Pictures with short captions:
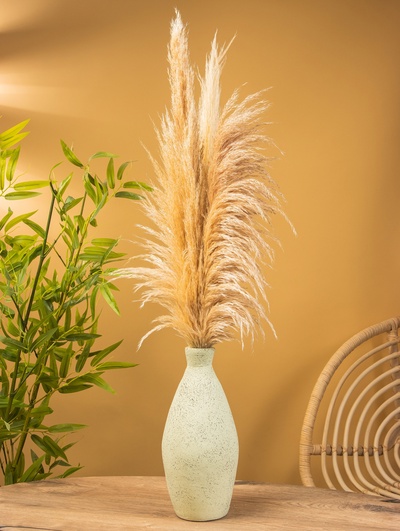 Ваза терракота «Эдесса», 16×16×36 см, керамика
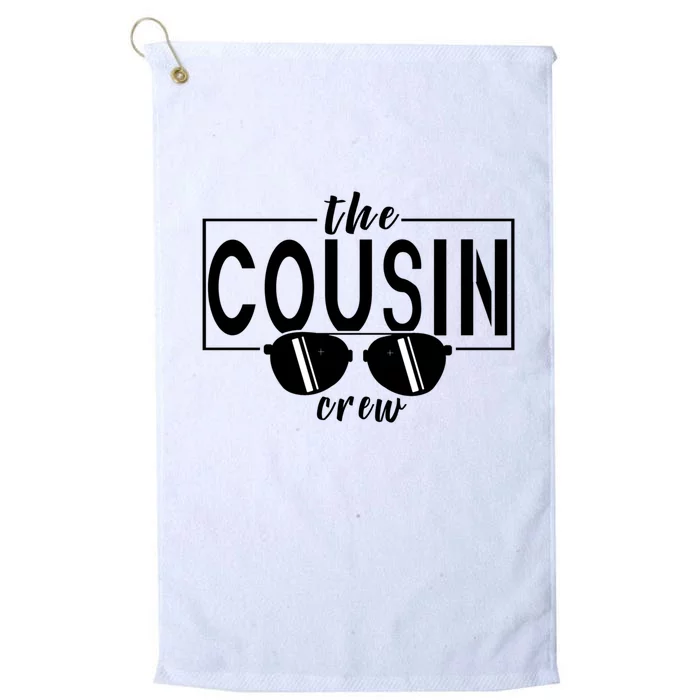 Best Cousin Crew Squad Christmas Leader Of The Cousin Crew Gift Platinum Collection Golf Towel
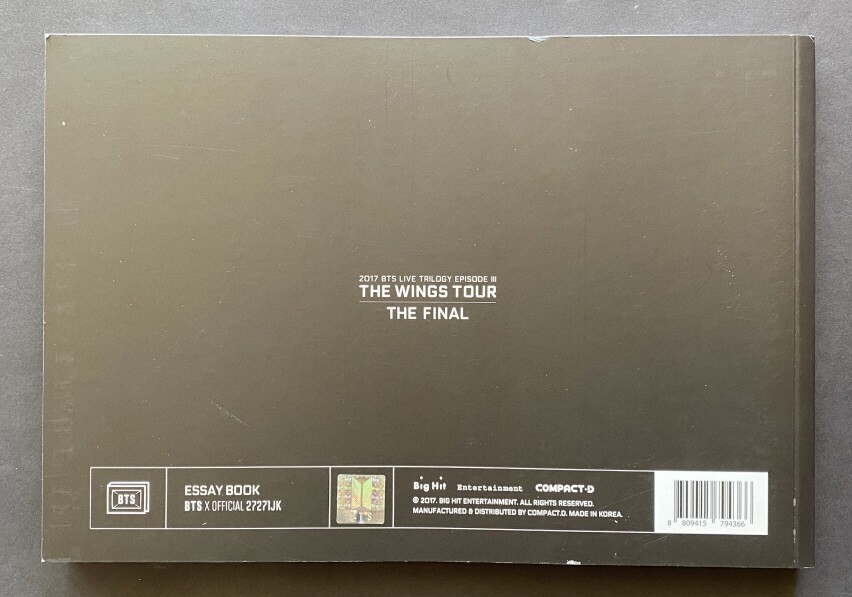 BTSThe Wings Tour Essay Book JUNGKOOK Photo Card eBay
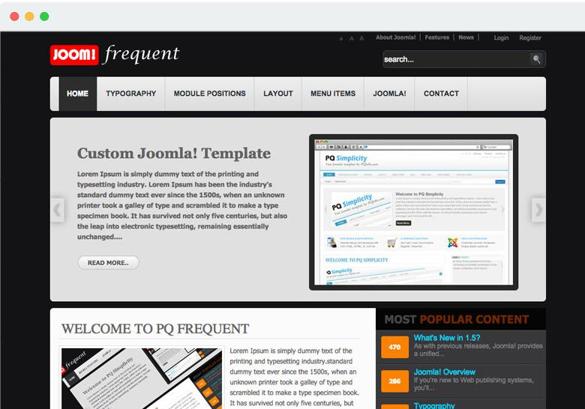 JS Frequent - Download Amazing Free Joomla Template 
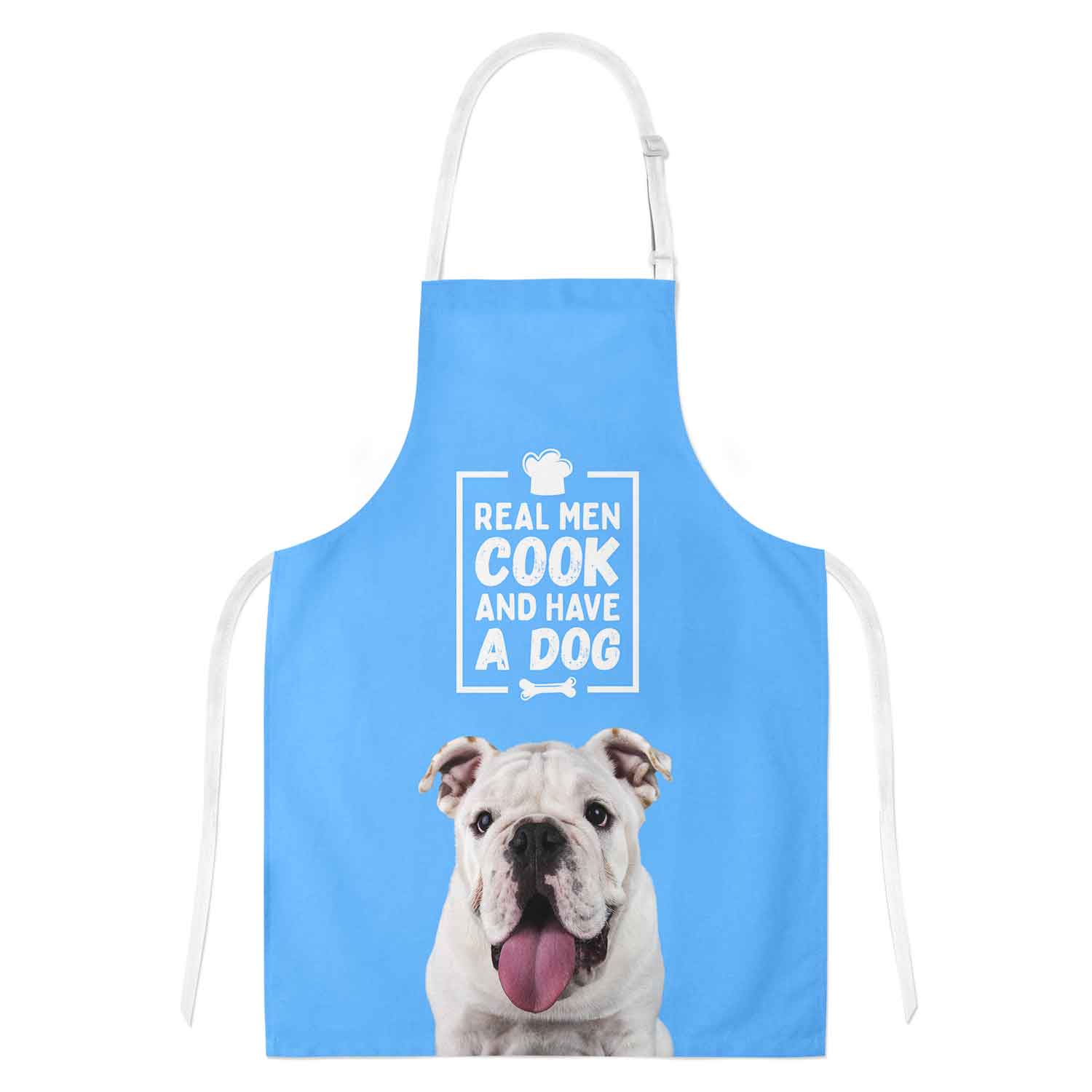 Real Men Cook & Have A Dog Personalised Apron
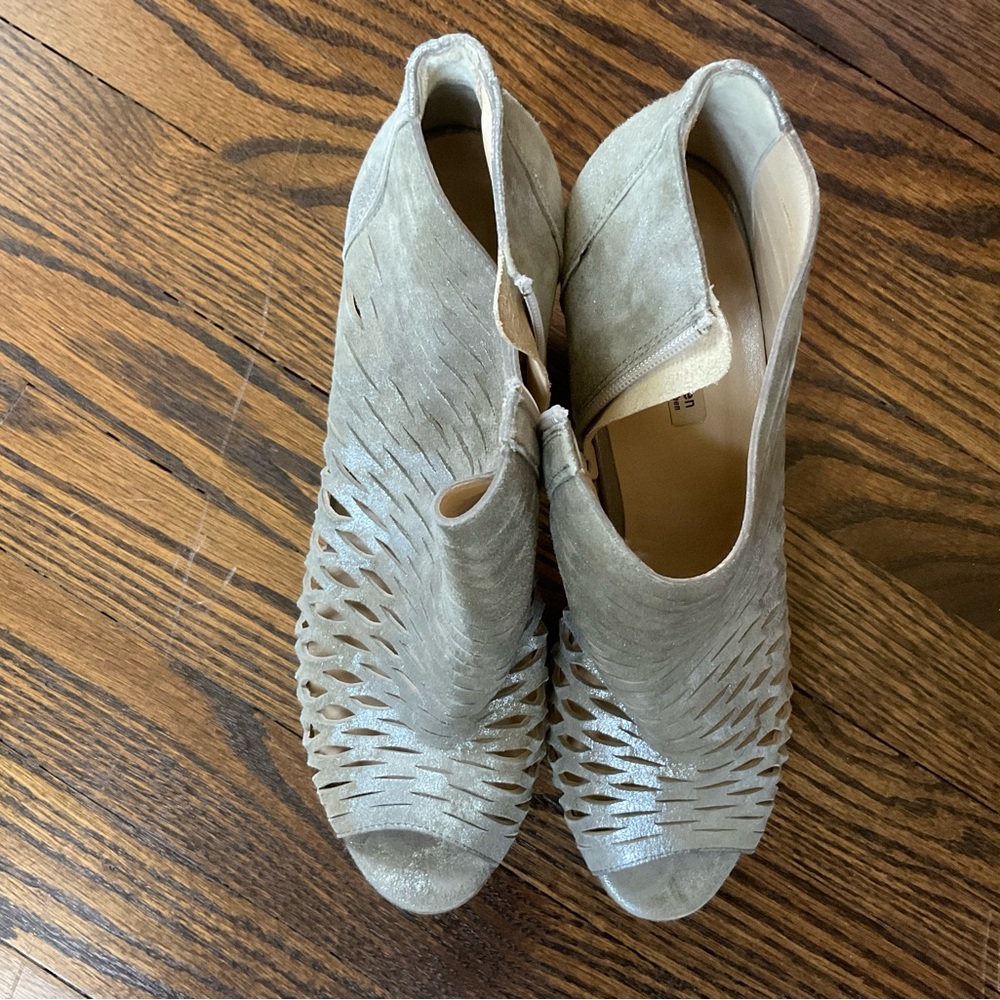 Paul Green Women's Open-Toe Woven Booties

• **What to work on**:
Retype exactly the lines from the one containing "Best Cousin Crew" through the last line of the records above, both included, and leave out any pictures.

• **Exercise result**:
 Best Cousin Crew Squad Christmas Leader Of The Cousin Crew Gift Platinum Collection Golf Towel
 BTSThe Wings Tour Essay Book JUNGKOOK Photo Card eBay
 JS Frequent - Download Amazing Free Joomla Template 
 Real Men Cook & Have A Dog Personalised Apron
 Paul Green Women's Open-Toe Woven Booties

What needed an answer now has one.